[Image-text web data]

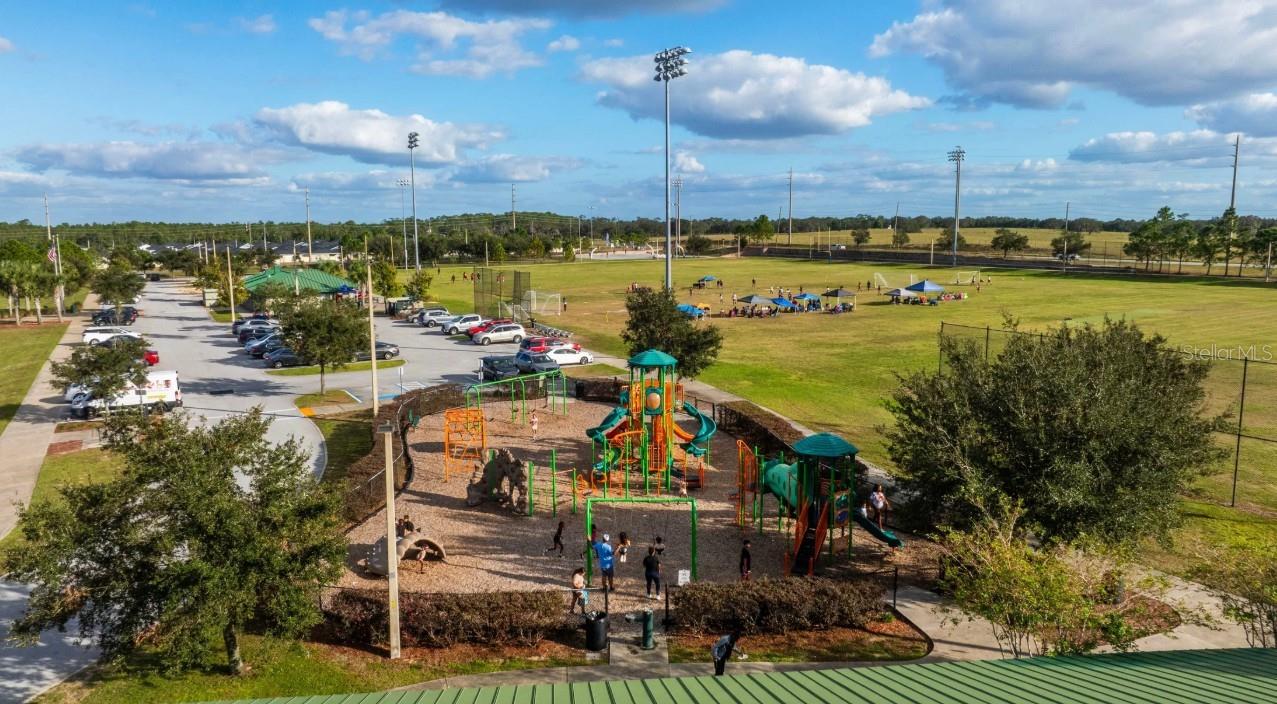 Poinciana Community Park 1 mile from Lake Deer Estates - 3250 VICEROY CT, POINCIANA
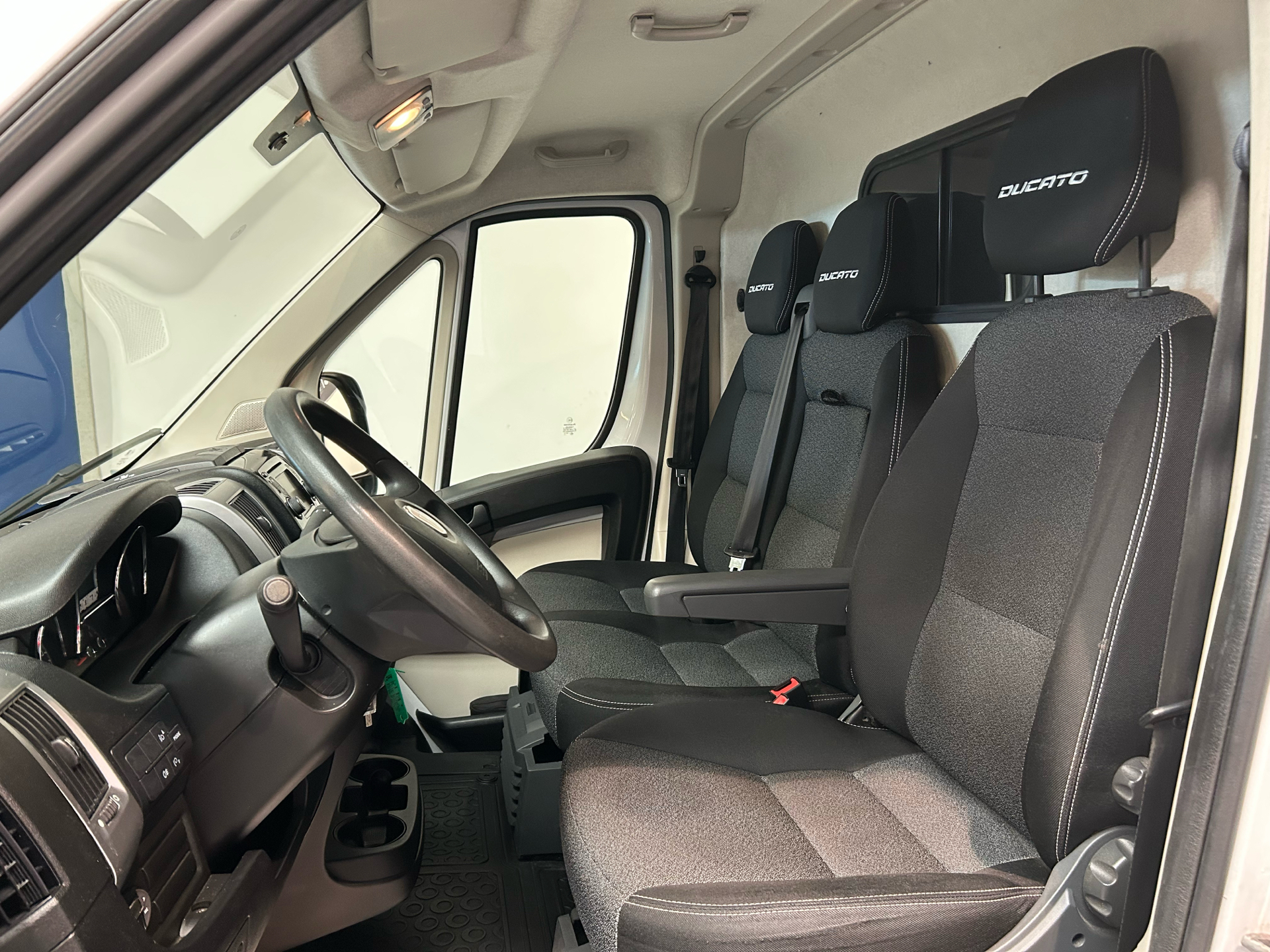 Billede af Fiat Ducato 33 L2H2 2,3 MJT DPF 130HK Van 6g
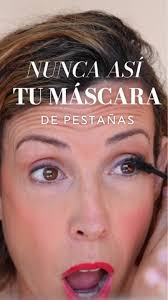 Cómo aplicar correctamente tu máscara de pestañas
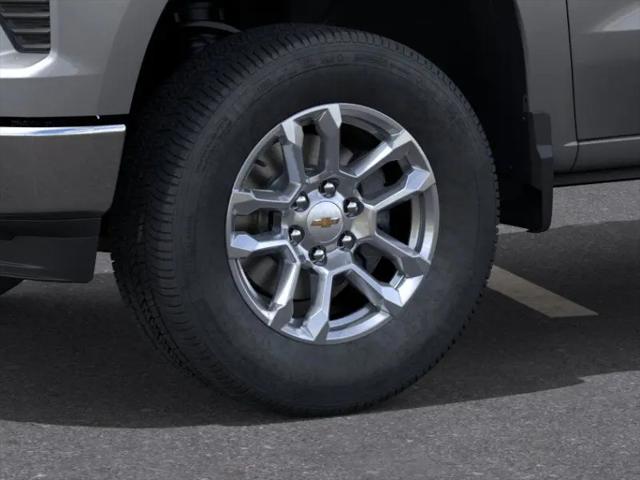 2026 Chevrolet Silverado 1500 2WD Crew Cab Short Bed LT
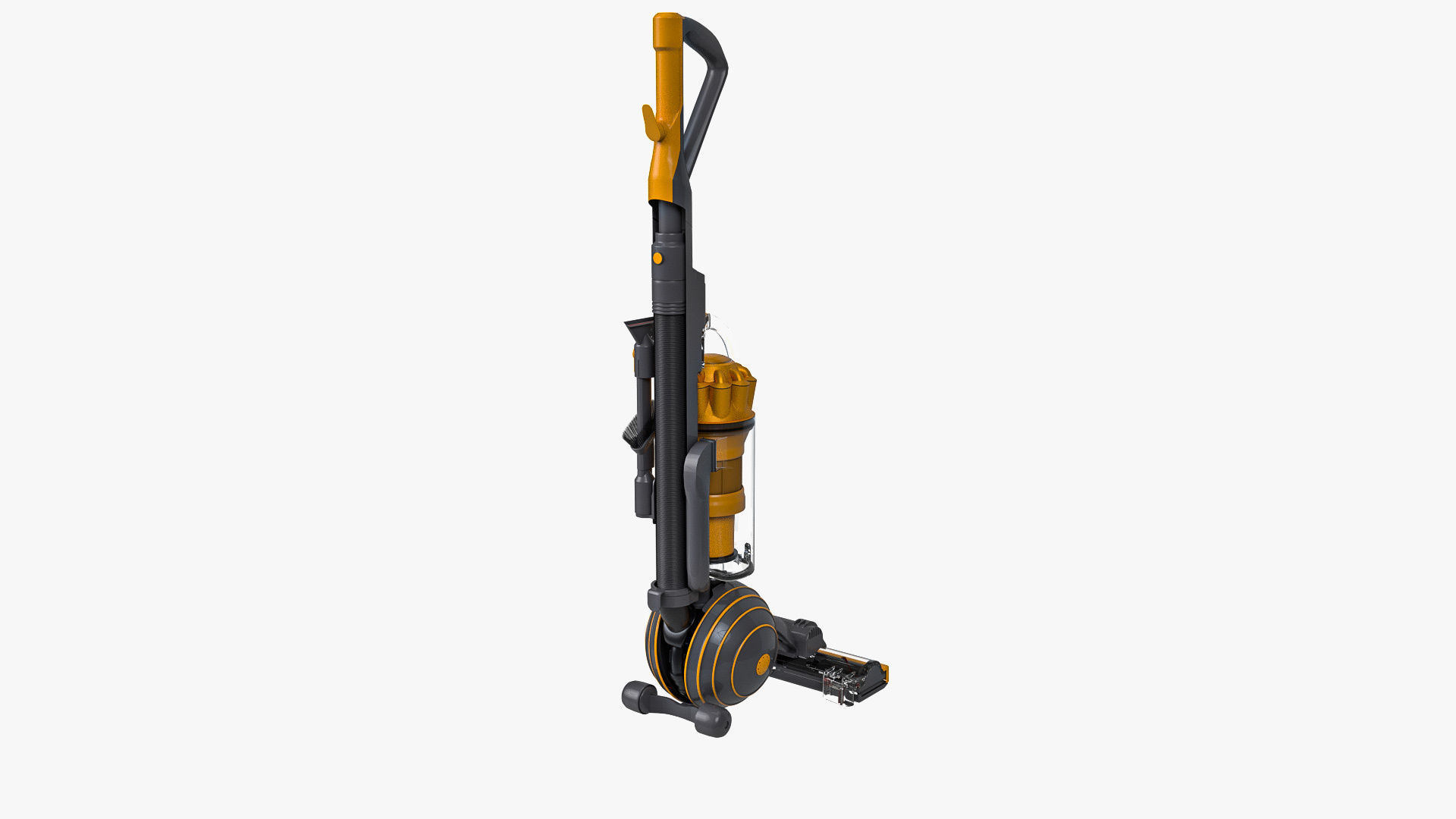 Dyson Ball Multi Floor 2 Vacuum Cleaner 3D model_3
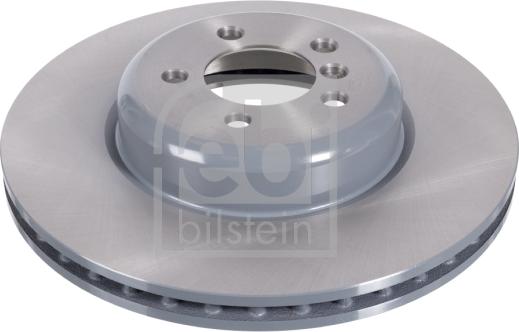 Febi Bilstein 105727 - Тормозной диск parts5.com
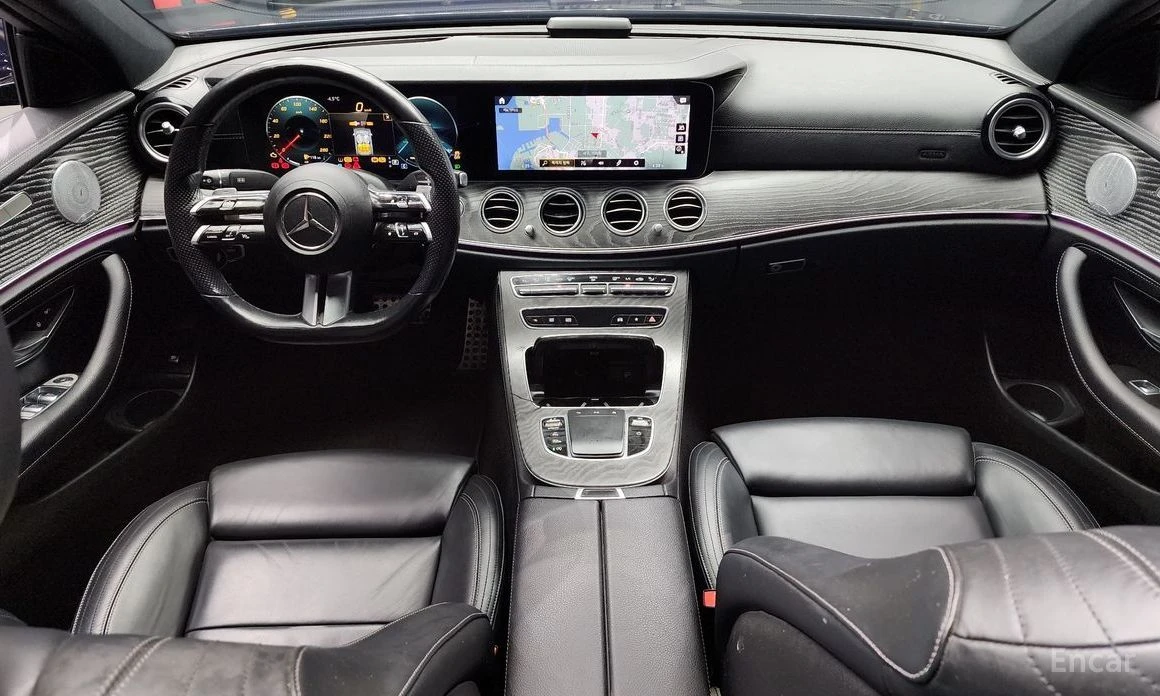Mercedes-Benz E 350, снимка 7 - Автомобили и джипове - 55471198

● **The problem**:
Give again exactly the lines from the one holding "Billede af Fiat" to the final line of the records, both ends included; any pictures stay out.

● **Expected answer**:
 Billede af Fiat Ducato 33 L2H2 2,3 MJT DPF 130HK Van 6g
 Cómo aplicar correctamente tu máscara de pestañas
 2026 Chevrolet Silverado 1500 2WD Crew Cab Short Bed LT
 Dyson Ball Multi Floor 2 Vacuum Cleaner 3D model_3
 Febi Bilstein 105727 - Тормозной диск parts5.com
Mercedes-Benz E 350, снимка 7 - Автомобили и джипове - 55471198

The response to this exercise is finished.